Ensure the Phoenix Cloud Cache status is connected to the Phoenix Cloud until the entire decommissioning process and removal from the UI are complete. Do not disconnect the CloudCache when the decommissioning is in progress.

Traceback

[2019-03-11 14:47:52,650] [ERROR] [wpid 91-4228-1548748451] Failed to connect, error:Failed to connect to client. (#100000011)
[2019-03-11 14:47:52,650] [INFO] [wpid 91-4228-1548748451] CacheFlush activity disconnected. wid 0
[2019-03-11 14:47:52,650] [INFO] Cache CacheFlush activity disconnected. Bytes read 0.00 B. Bytes written 0.00 B.
[2019-03-11 14:47:55,650] [ERROR] [wpid 226-940-1481039643] Error <class 'inSyncLib.inSyncError.SyncError'>:Failed to connect to client. (#100000011). Traceback -Traceback (most recent call last):
  File "roboCacheWorker.py", line 284, in runserver
  File "inSyncLib\inSyncRPCServer.pyc", line 557, in serve
SyncError: Failed to connect to client. (#100000011)
Snip

Resolution

Ensure that the Phoenix Cloud is connected to the Phoenix CloudCache. Fix the connectivity issues if any to resume the decommissioning.

The Cache status remains stuck on Decommissioning in Progress if the CloudCache is disconnected.

Scenario-2: Network bandwidth allocated and sync schedule is insufficient

According to the decommissioning workflow, Phoenix synchs the data pending for synchronization to Phoenix Cloud in the next cache schedule cycle. Since this takes time, CloudCache displays Decommissioning in Progress depending on:

  • The size of the data to be synchronized
  • The available network bandwidth
  • The duration specified in the sync schedule

Configure the CloudCache synchronization schedule for 24 hours for 7 days to un-interrupted decommission. Ensure that you select the Max Available Bandwidth in your environment.(The bandwidth is measured in Megabits/second)
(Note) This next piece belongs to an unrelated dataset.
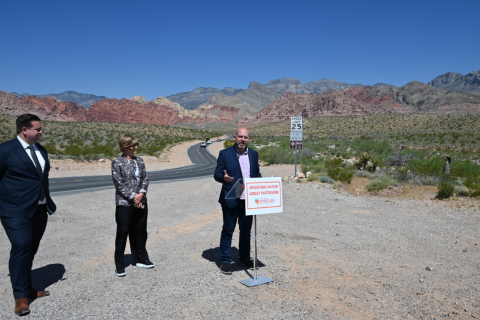 Attendees speaking at press conference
Scenario-3: Phoenix CacheStore is unavailable

The decommission can get stuck if the customer has initiated a decommission process and all the data has been synced to the cloud; however, the PhoenixCacheStore is unavailable. This can occur when:

  • The volume on which the CacheStore resides has been formatted.
  • The disk on which the CacheStore resides has crashed.

Traceback

[2019-03-11 15:47:56,732] [ERROR] Error <type 'exceptions.Exception'>:CRITICAL: Cache store folder E:\PhoenixCacheStore does not exist on file system. Exiting. Traceback -Traceback (most recent call last):

File "roboCacheServer.py", line 236, in server_main

File "roboCacheServer.py", line 389, in _server_main

Exception: CRITICAL: Cache store folder E:\PhoenixCacheStore does not exist on file system. Exiting.

Resolution

Do not format the volume where the Cache Store is residing until the decommissioning process is complete. Contact Druva Support to further troubleshoot this scenario.

Scenario-4: Storage Mapped does not exist

Cloud Cache decommissioning can get stuck when the process is initiated but the storage mapped to the Cloud Cache is deleted.  In this case, unflushed data accumulates in the DB that is never synced.

Resolution

Contact Druva Support to troubleshoot this scenario.